By Zack Quaintance
At his first SDCC as Marvel’s editor-in-chief, C.B. Cebulski held a “podcast format” get-to-know-you conversation, during which he talked to his friend of nearly two decades Skottie Young about his background as a professional and a fan, advice for aspiring creators, and a vague incident in a hotel room that Young was refused to discuss.
More on that last one later (I attended a panel about building suspense this morning, can you tell?). Marvel’s Cebulski conversation panel was a bit of a come down from the mic drop moment that preceded it, wherein the publisher announced a new Vision comic from Chelsea Cain (ask me about my android agenda), Marc Mohan, and Aud Koch. That panel saw Cebulski and some of Marvel’s top creatives also talking specific details about stories and characters, going so far as to introduce new books. It was really exciting and very cool.
This one, however, was more like a first date. Childhoods and old jobs were discussed, polite compliments were exchanged, and touchy subjects were mitigated (organizers said at the start that they were pre-screening audience questions…ahem).
Cebulski’s history as a fan was a somewhat common one—his parents used to buy him comics as a reward whenever he got his haircut and his love of the medium grew from there—while his background as a pro involved working as an editor on Marvel’s Ultimate line back when it was the most exciting thing in superhero comics, with Brian Michael Bendis and Mark Bagley doing Ultimate Spider-Man, Mark Millar and Bryan Hitch doing The Ultimates, etc.

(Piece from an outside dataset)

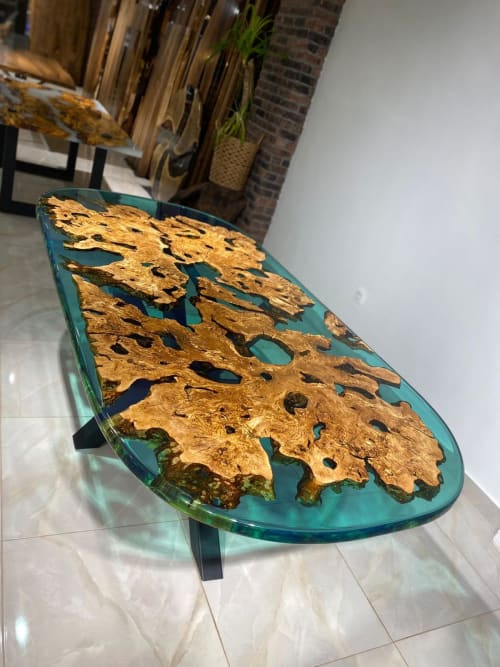 Green Epoxy Resin Olive Dining Table | Tables by Gül Natural Furniture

Cebulski recalled always giving his artists the benefit of the doubt back when he was editing. As a result, Cebulski’s books shipped late more than any other editor in Marvel’s history, he said, to the point that Marvel’s editor-in-chief at the time, Joe Quesada, called him into his office to tell him that he was a terrible editor, but that the company had a different position in mind for him: they wanted Cebulski to help create a talent management department. It was that gig that helped earn him his current reputation as a friend to artists and for having a preternaturally-talented eye for discovering young stars.
Speaking directly to potential young stars, Cebulski urged aspiring artists in the audience to submit work to Marvel both at cons and online, but then to also do the sometimes harder work of following up, following up, and following up more. For writers, he said it was all about putting a comic out and then investing in constant self-promotion to generate word of mouth, ideally the type that leads another writer already working for Marvel to talk to an editor about you and your work. For both writers and artists, he said to keep at it and don’t give up, obviously.
In a particularly interesting metaphor, Cebulski compared breaking into comics to breaking out of prison, noting that once you get past one barrier, there’s another new barrier that you have to figure out how to break through, and another, and another. It’s important, essentially, not to rest on your laurels after having a little success in the industry.
So, what then about that hotel room we mentioned at the start? Well, it was all pretty vague, but when this mysterious incident came up, Cebulski said they should tell that story “about the Eisners…in the hotel room.” Young replied that the crowd wasn’t loose enough yet, and then he trailed off with a faraway look in his eyes: “Ohhh, so many nights at San Diego Comic Con.”
So many nights, indeed.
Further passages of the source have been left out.